# Binder Tutorial Workflow

### <font color='red'>To begin: Click 'Run' on the toolbar (or shift-enter). Alternatively click Kernel, Restart and Run All.</font> 

**Workflow:** This is a typical metabolomics data analysis of a binary classification outcome. The main steps included are: data import, QC-based data cleaning, PCA visualisation to check QC precision, univariate statistics, multivariate analysis using PLS-DA (including model optimisation, model calculation and visualisation, and feature selection), and results export.

**Dataset**: The dataset used for this tutorial has been previously published [REF] and deposited onto Metabolomics Workbench, http://www.metabolomicsworkbench.org, Project ID PR000699. The data can be accessed directly via its project DOI:10.21228/M8B10B. 
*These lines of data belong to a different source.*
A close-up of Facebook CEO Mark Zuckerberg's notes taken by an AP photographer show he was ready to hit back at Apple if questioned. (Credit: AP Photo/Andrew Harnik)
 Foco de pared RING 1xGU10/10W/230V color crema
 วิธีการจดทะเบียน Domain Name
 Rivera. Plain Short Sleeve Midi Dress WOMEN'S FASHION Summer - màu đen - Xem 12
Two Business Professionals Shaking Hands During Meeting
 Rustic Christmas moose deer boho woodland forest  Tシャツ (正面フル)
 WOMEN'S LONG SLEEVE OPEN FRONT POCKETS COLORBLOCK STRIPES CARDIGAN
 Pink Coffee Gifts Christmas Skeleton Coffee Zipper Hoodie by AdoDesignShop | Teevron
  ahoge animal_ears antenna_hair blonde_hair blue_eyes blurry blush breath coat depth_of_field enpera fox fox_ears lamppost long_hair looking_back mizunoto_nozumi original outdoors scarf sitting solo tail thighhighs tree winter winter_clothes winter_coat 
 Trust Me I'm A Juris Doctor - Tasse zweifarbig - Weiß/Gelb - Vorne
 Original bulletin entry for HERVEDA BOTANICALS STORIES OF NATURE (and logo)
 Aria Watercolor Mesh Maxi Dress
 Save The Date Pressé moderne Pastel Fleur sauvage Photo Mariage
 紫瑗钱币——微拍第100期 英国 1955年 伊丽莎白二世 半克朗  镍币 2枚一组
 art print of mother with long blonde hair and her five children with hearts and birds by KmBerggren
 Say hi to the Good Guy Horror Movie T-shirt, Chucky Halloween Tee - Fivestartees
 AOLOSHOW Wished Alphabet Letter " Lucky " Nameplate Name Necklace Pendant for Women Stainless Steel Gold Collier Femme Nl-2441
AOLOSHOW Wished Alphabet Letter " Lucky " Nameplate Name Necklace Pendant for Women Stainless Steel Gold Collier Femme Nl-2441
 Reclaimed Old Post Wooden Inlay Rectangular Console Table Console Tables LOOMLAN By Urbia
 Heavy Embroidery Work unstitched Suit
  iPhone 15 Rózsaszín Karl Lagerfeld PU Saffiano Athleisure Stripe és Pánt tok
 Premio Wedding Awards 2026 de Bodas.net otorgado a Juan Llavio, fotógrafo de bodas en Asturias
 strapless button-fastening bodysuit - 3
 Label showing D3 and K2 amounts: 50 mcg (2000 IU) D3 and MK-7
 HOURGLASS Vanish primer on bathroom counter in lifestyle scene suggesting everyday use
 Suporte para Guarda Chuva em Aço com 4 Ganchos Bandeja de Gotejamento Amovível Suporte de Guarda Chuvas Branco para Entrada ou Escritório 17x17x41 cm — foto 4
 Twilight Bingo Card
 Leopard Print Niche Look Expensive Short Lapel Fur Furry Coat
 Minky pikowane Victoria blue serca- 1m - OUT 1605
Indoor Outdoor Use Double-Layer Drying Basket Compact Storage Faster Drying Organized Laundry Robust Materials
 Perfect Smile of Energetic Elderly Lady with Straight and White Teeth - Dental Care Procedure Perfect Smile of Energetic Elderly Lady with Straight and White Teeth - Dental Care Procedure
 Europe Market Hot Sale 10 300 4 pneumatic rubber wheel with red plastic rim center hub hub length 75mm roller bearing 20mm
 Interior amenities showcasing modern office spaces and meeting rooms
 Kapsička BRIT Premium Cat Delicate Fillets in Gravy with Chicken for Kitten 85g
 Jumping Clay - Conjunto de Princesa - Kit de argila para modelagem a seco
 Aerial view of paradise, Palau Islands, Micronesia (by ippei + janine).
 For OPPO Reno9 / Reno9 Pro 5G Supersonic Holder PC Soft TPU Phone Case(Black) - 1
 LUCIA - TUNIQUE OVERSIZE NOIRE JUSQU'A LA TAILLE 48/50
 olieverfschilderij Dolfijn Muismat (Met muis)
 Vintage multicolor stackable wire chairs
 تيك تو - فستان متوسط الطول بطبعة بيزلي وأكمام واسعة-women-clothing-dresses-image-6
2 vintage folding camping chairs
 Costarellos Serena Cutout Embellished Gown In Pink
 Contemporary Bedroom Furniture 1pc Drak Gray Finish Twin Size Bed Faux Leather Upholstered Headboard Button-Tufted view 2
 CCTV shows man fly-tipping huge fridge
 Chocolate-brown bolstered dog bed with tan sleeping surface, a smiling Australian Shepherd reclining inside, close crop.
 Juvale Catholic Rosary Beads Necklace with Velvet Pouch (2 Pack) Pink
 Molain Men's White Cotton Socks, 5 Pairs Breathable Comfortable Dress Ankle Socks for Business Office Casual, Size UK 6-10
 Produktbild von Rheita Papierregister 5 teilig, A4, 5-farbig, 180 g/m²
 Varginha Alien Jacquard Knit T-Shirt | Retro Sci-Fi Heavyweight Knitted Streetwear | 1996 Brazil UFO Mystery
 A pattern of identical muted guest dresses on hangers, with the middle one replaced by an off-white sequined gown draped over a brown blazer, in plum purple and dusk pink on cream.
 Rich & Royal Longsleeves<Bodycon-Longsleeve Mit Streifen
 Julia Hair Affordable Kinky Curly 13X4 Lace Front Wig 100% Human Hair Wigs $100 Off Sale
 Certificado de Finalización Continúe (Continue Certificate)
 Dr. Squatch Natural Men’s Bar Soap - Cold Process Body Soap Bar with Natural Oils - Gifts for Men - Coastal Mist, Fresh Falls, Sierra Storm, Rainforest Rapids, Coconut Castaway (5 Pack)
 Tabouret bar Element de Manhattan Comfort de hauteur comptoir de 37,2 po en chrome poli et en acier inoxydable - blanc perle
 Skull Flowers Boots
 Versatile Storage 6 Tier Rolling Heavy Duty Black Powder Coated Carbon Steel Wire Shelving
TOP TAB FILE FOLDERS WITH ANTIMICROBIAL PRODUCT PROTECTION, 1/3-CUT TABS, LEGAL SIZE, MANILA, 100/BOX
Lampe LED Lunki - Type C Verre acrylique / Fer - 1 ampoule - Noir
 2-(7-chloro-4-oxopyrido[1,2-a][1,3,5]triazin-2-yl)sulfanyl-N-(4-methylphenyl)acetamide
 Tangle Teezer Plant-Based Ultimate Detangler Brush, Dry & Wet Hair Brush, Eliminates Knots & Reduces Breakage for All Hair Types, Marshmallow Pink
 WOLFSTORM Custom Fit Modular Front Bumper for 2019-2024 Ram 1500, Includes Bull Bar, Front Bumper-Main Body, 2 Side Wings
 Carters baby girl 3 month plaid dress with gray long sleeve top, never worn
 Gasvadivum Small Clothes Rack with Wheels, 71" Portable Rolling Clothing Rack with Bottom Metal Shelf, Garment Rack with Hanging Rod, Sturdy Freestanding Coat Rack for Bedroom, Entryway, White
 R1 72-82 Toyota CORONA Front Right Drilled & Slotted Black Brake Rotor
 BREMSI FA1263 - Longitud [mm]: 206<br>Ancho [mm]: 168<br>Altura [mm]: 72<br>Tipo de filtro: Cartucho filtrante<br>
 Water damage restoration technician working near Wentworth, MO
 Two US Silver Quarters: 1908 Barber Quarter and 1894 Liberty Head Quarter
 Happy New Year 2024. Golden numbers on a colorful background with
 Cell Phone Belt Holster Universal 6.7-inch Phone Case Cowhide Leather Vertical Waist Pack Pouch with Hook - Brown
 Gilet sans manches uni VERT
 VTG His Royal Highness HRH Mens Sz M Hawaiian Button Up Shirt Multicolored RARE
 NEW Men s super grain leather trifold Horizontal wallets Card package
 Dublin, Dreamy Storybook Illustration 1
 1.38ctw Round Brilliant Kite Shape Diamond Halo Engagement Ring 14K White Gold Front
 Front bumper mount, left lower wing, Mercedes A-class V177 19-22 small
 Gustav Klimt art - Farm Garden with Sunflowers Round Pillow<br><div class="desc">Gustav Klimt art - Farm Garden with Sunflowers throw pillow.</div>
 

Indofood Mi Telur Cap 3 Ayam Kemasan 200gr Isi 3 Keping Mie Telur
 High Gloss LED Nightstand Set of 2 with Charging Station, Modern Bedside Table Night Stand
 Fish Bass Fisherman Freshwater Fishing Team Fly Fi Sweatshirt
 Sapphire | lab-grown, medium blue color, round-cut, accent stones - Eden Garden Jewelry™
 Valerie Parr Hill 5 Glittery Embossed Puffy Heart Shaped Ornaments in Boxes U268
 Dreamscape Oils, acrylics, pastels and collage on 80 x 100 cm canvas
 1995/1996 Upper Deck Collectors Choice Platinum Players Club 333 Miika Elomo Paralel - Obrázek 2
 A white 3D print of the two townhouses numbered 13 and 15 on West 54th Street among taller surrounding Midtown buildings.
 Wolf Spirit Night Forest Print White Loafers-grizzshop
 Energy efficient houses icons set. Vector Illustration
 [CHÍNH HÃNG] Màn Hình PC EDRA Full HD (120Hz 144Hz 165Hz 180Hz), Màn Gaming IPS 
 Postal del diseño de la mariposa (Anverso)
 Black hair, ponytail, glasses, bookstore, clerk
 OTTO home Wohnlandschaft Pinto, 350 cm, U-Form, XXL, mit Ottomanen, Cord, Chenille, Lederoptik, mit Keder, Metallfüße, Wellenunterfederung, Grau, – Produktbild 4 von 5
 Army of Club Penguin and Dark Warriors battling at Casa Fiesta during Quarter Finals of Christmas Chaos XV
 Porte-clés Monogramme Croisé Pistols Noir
**Note for uploaded datasets**: We recommend using the same format as the Dataset provided. The file should be an excel spreadsheet, and contain a DATA and PEAK sheet. The DATA sheet should have an 'Idx', 'SampleID', and 'Class' column. The PEAK sheet should have an 'Idx', 'Name' and 'Label' column.

## Table of Contents

1. [Import Packages/Modules](#1)
2. [Load Data and Peak Sheet](#2)
3. [Remove Peaks with RSD >= 20%](#3)
4. [Quality Assessment using PCA (using Pooled QC samples)](#4)
5. [Extract 2 groups for Dataset (GC vs HE)](#5)
6. [Univariate statistics for 2 classes (GC vs. HE)](#6)
7. [Extract X and Y matrix (+ split into a train / test set with stratification)](#7)
8. [Determine number of components for PLS-DA model](#8)
9. [Train and evaluate PLS-DA model](#9)
10. [Perform a permutation test for PLS-DA model](#10)
11. [Plot latent variable projections for PLS-DA model](#11)
12. [Plot feature importance (Coefficient and VIP plot) for PLS-DA model](#12)
13. [Test model with new data (using test set from section 7)](#13)
14. [Export results to excel](#14)


<a id='1'></a>
### 1. Import Packages/Modules
We need to import modules to extend beyond the basic functionality of python:   
- **NumPy**: a fundamental package for mathematical calculations  (http://www.numpy.org) 
- **pandas**: a fundamental package for importing and manipulating tables (https://pandas.pydata.org)
- **BeakerX**: a package used specifically in this workflow to display pandas tables more interactively (http://beakerx.com)
- **scikit-learn**: a fundamental package containing tools for data mining and analysis that is used directly in this workflow (with the train_test_split module to split data into train and test subsets (https://scikit-learn.org)
- **cimcb_lite**: a core package by cimcb that wraps necessary tools for standard metabolomics data analysis workflows (https://github.com/cimcb/cimcb_lite)

In [None]:
import numpy as np
import pandas as pd
from beakerx.object import beakerx
from sklearn.model_selection import train_test_split
import cimcb_lite 

beakerx.pandas_display_table() # by default display pandas tables as BeakerX interactive tables

<a id='2'></a>
### 2. Load Data and Peak sheet

We need to load the data and peak sheet:
1. Set the home directory and file name of the excel spreadsheet
2. Use cimcb_lite.utils.load_dataXL to load and validate the data sheet and peak sheet 
3. Using BeakerX we can view and check the loaded data table and peak table


In [None]:
home = ''  # '' refers to the directory this notebook is in

file = 'Gastric_NMR_upload.xlsx' # expects an excel spreadsheet

DataTable, PeakTable = cimcb_lite.utils.load_dataXL(file, DataSheet='DATA', PeakSheet='PEAKS') 

In [None]:
DataTable # View and check the DataTable 

In [None]:
PeakTable # View and check PeakTable

<a id='3'></a>
### 3. Remove Peaks with RSD >= 20%
For this tutorial, lets set the RSD (relative standard deviation) cut-off to a typical value of 20%:
1. Set RSD to the QC_RSD column in the PeakTable
2. Only keep rows (peaks) in PeakTable with an RSD less than (<) 20

In [None]:
RSD = PeakTable.QC_RSD    
PeakTable = PeakTable[RSD < 20]    

print("Number of peaks remaining: {}".format(len(PeakTable)))

<a id='4'></a>
### 4. Quality Assessment using PCA (using Pooled QC samples)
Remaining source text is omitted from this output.